Answer: The work done by the frictional force while a cylinder rolls without slipping down an inclined plane is approximately: \(-\mu_{s} m g s \sin \theta\).

Step by step solution

Identify the forces acting on the cylinder while rolling down the inclined plane

There are three forces acting on the cylinder while rolling down the inclined plane: gravitational force, normal force, and frictional force. The gravitational force (\(m g\)) acts vertically downwards, the normal force (\(N\)) acts perpendicular to the inclined plane, and the frictional force (\(f_s\)) acts horizontally (opposite to the direction of motion).

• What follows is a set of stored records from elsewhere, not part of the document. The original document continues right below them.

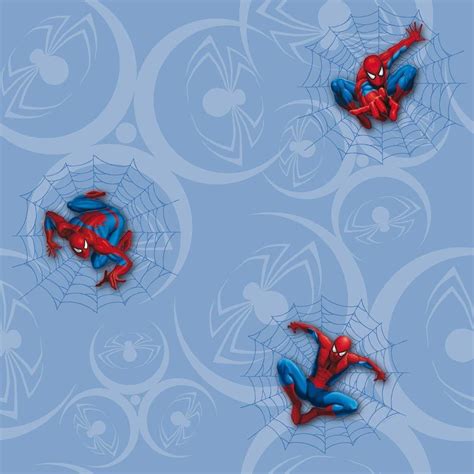 Papel De Parede Vinilico Homem Aranha Azul 300x58cm Shopee Brasil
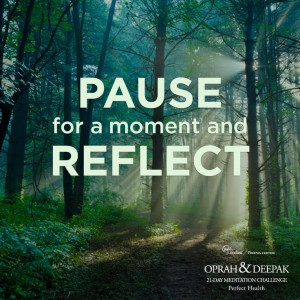 Push the pause tab every day and reflect on what is happening in your ...
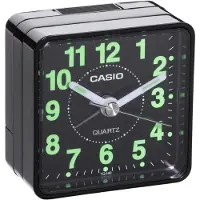 Casio Wecker | Analogwecker Reisewecker Alarmwecker TQ-140, Farbe:schwarz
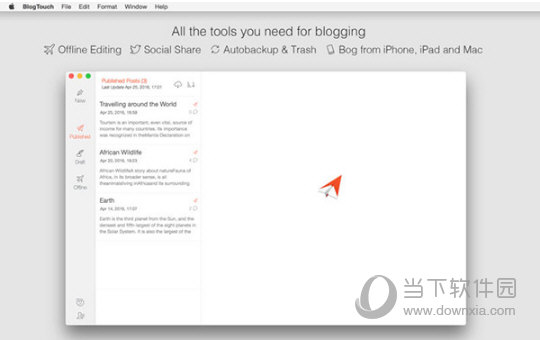 BlogTouch for Blogger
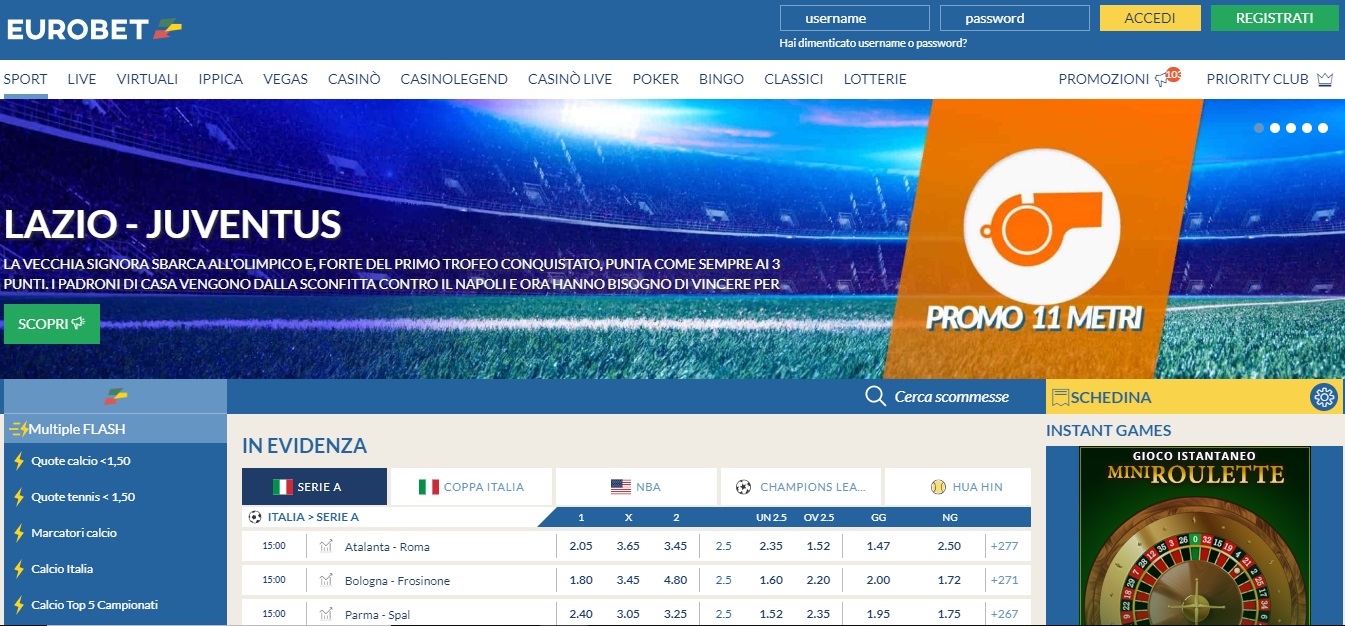 Eurobet, la recensione del servizio di scommesse sportive online di Ladbrokes tra i leader in Italia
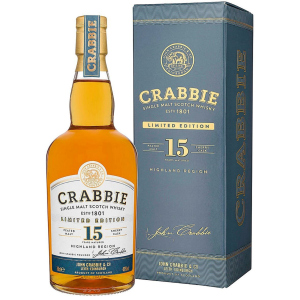 хороша модель Віскі Crabbie Halewood односолодове 15 років витримки 0.7 л 40% (5011166061953)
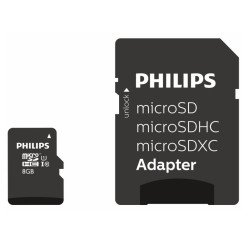 Philips FM08MP45B/00 mémoire flash 8 Go MicroSDHC UHS-I Classe 10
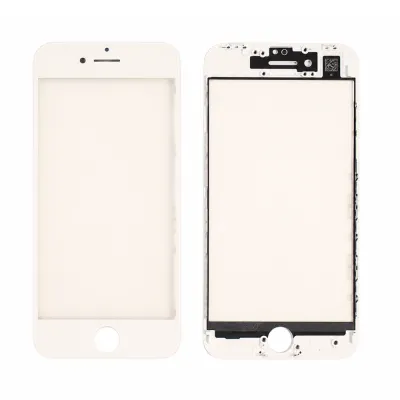 Скло екрану з рамкою + OCA Adhesive iPhone 8 White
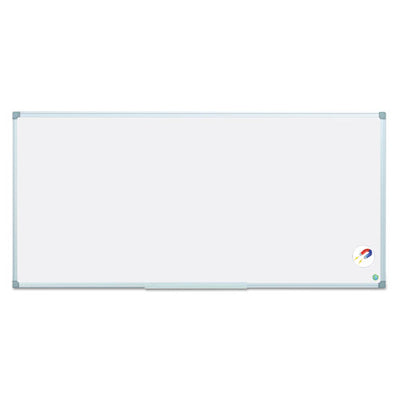 Earth Gold Ultra Magnetic Dry Erase Boards, 96 X 48, White Surface, Silver Aluminum Frame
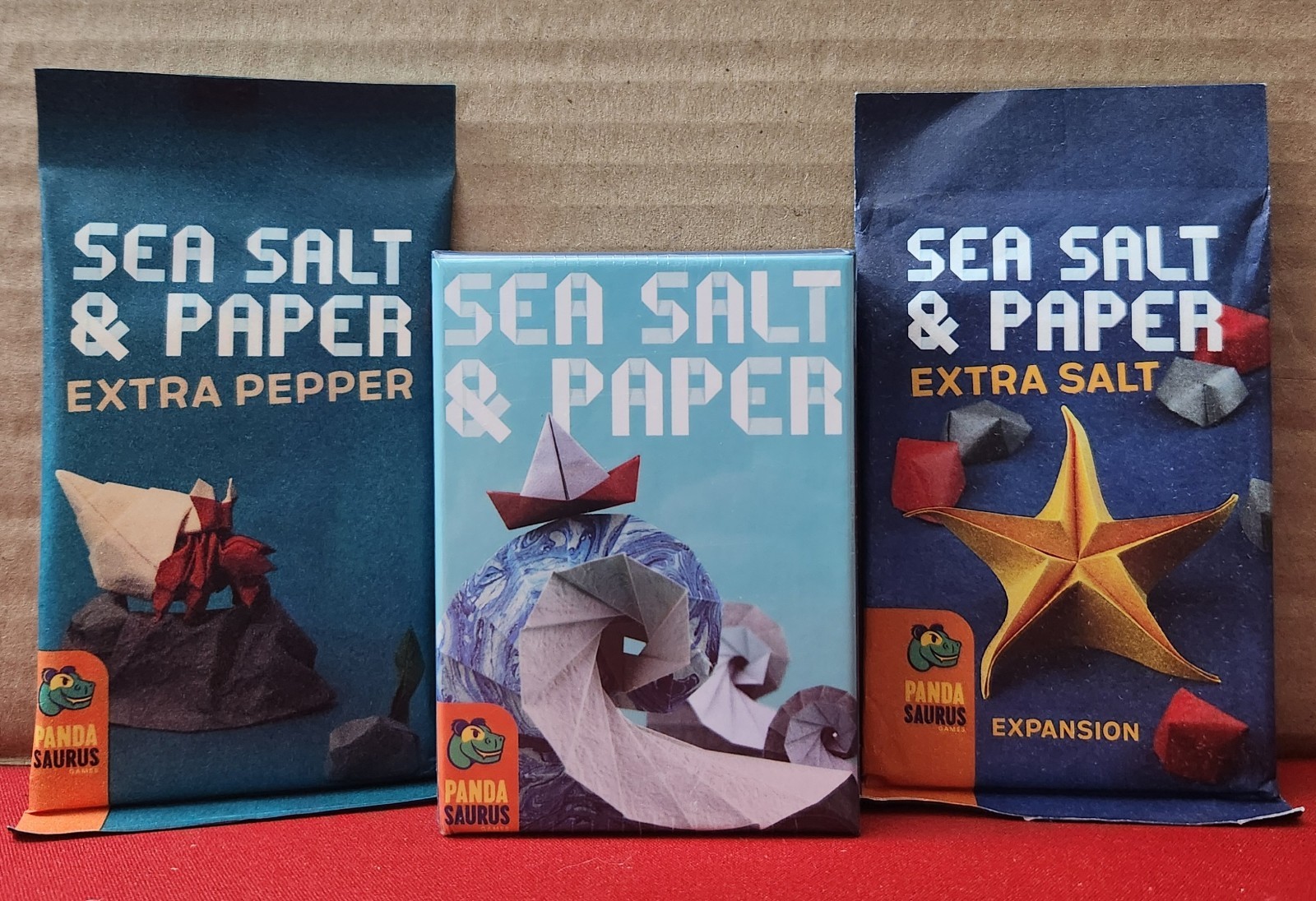 Sea Salt & Paper + Extra Salt Expansion + Extra Pepper Expansion Card Game NEW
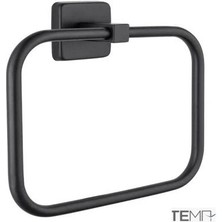 Veka Tema Kare 71708-2M Mat Siyah Yuvarlak Havluluk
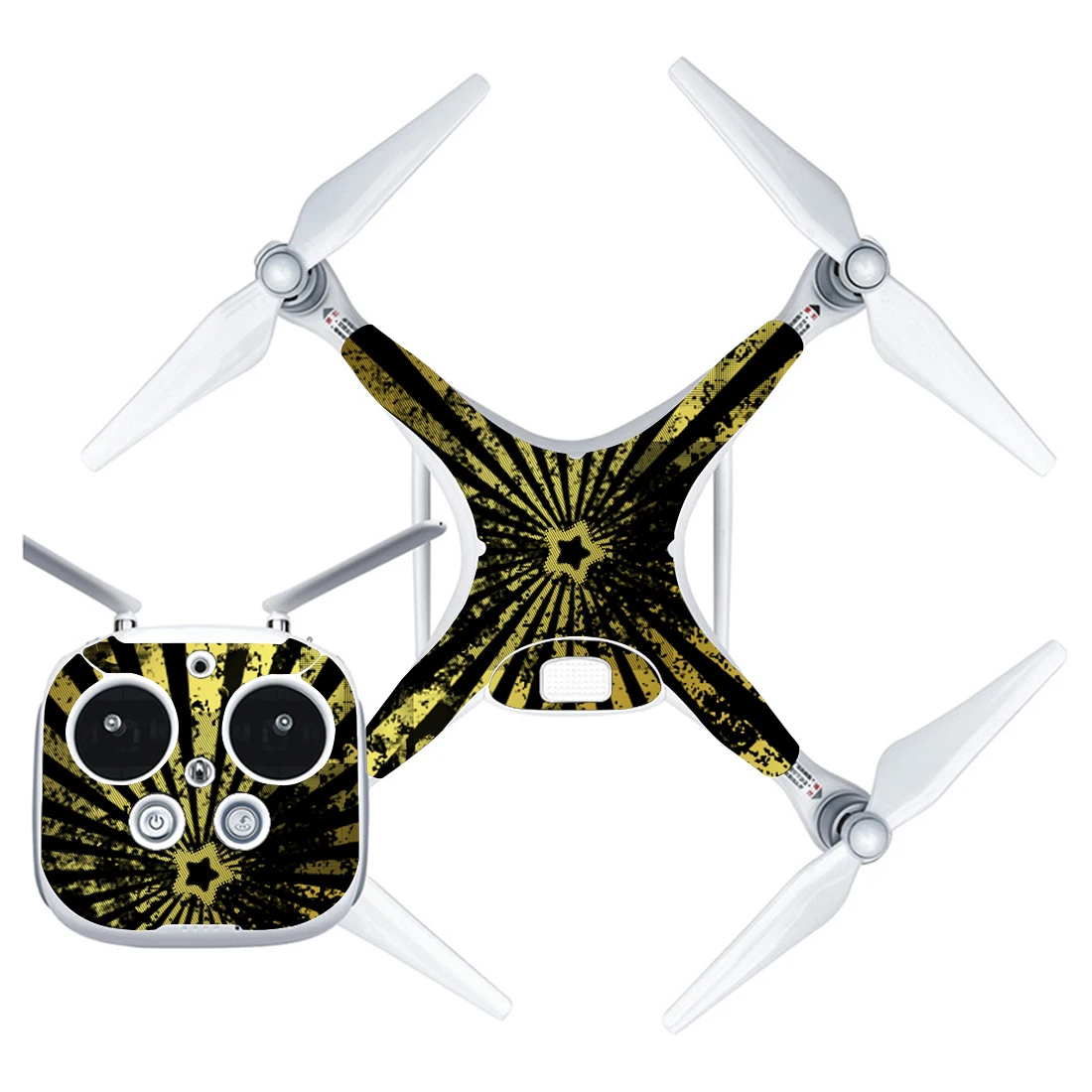 

Pentagram Style Vinyl Skin Sticker for DJI Phantom 4 Drone And Remote Controller 0153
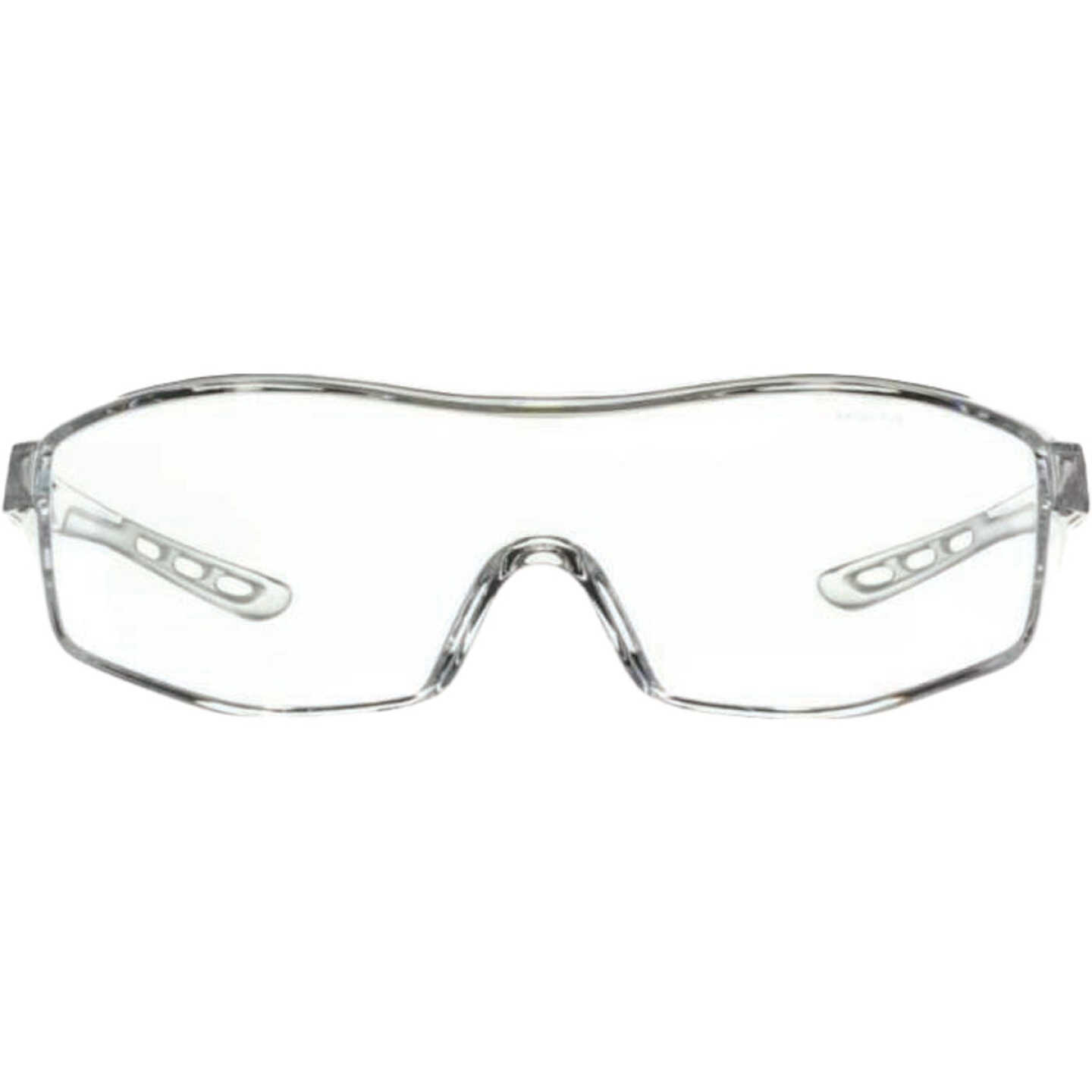 3M Clear Frame Safety Eyeglass Protectors with Anti-Scratch Clear Lenses Image 1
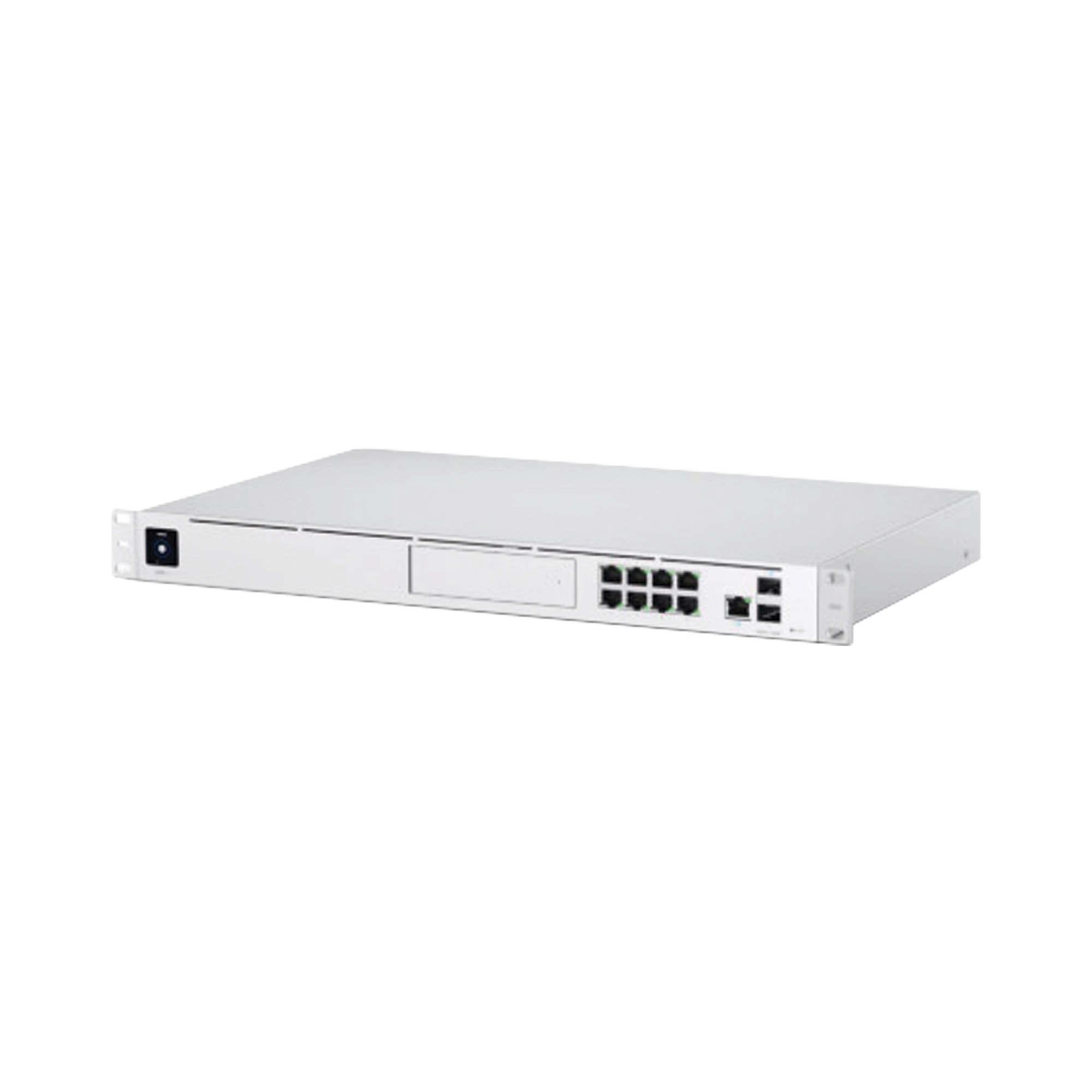 UniFi OS Console: Dream Machine Pro, con 1 puerto WAN Gigabit RJ45, 1 puerto WAN 10G SFP+ / 8 puertos LAN Gigabit RJ-45, y una bahía de HDD 3.5 (No incluye HDD), Integra todas las aplicaciones UniFi
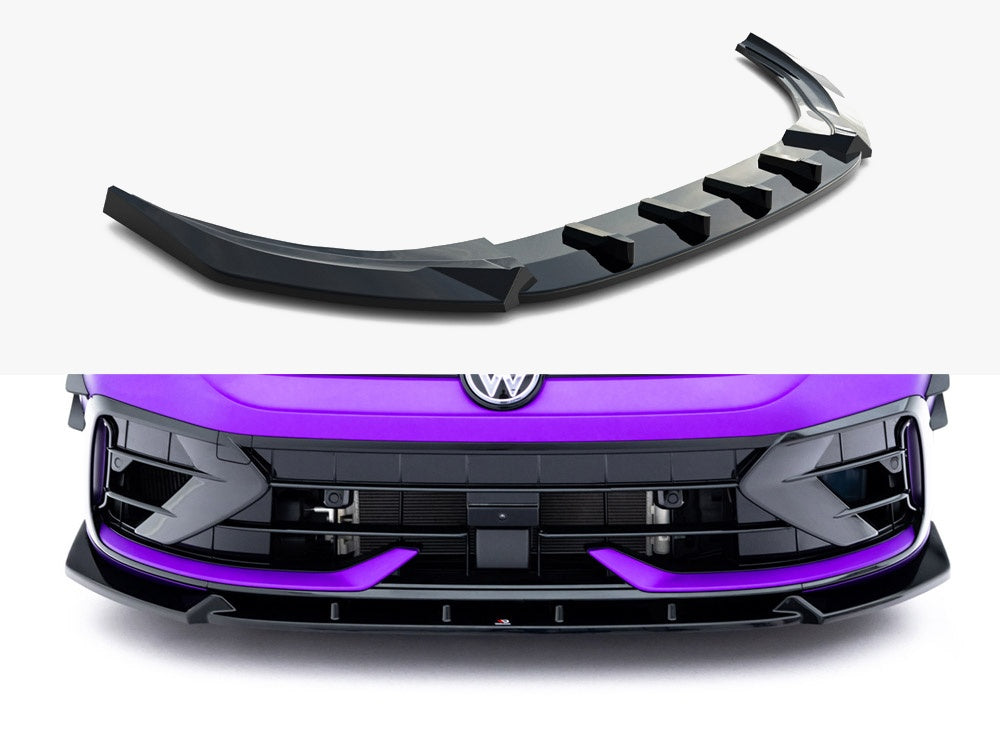 Front Splitter V.3 - Volkswagen Golf R Mk8 Facelift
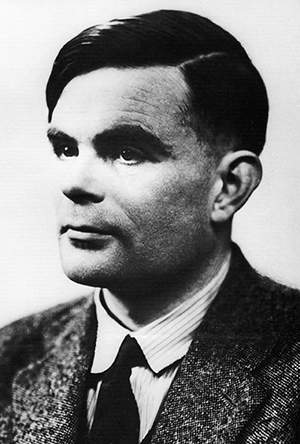 A photograph of Alan Turing.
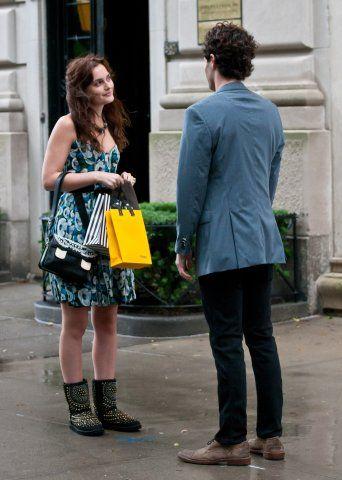 Gossip girl 5 season on-set style!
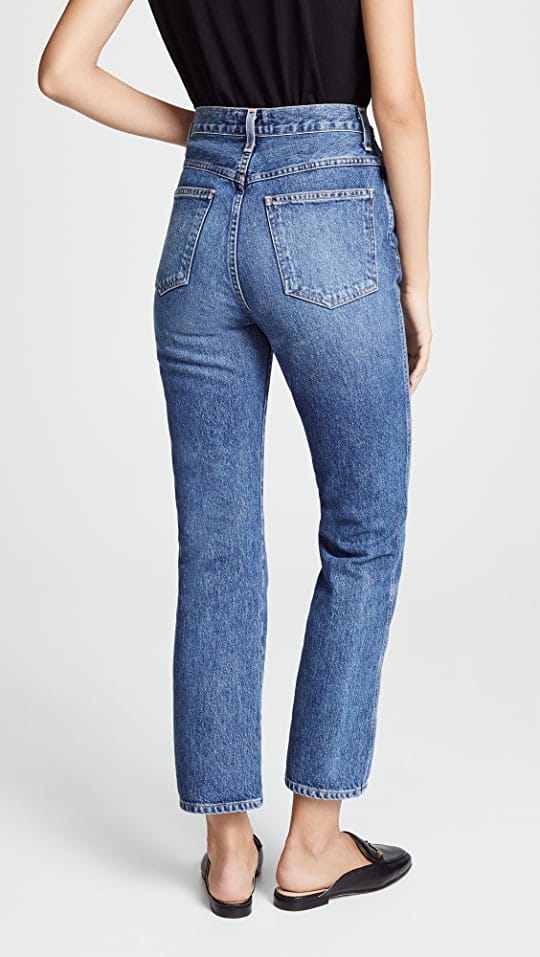 AGOLDE
Pinch Waist High Rise Kick Jeans  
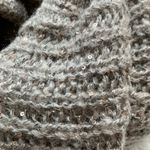 H&M ⭐️  Brown Chunky Cable Knit Circle Infinity Winter Scarf EUC Photo 4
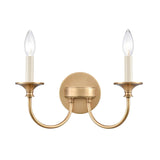 Cecil 14'' Wide 2-Light Vanity Light - Natural Brass 89721/2 Elk Lighting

Resolve gravitational force into components

As the gravitational force is acting vertically downwards, we need to resolve it into components along and perpendicular to the inclined plane. Let \(F_{gx}\) and \(F_{gy}\) be the components of the gravitational force along and perpendicular to the inclined plane, respectively. We have \(F_{gx} = mg\sin{\theta}\) and \(F_{gy} = mg\cos{\theta}\).

Calculate the frictional force

Since \(N = F_{gy},\) using the expression of static friction force: \(f_s = \mu_s N = \mu_s m g \cos \theta\).

Determine the work done by the frictional force

Now, we need to find the work done by the frictional force while the cylinder travels a distance \(s\) along the plane. By definition, the work done by a force is given by the product of the force and the displacement in the direction of the force. Work done by frictional force: \(W_{f_s} = f_s \times s \times \cos{(\pi)}\) as the displacement and force have a \(180^\circ( \pi)\) angle between them (acting opposite directions). Therefore, we have \(W_{f_s} = -\mu_s m g s \cos{\theta} \sin{\theta}\).

Conclusion

We found the work done by the friction force to be \(W_{f_s} = -\mu_s m g s \cos{\theta} \sin{\theta}\). Comparing this to the given options, we see that no option entirely matches our result. However, there is an implicit assumption that the angle \(\theta\) is small, which means \(\cos{\theta} \approx 1\). Then the work done can be approximated as \(W_{f_s} \approx -\mu_s m g s \sin{\theta}\), which corresponds to option b). So, the correct answer is: b) \(-\mu_{s} m g s \sin \theta\).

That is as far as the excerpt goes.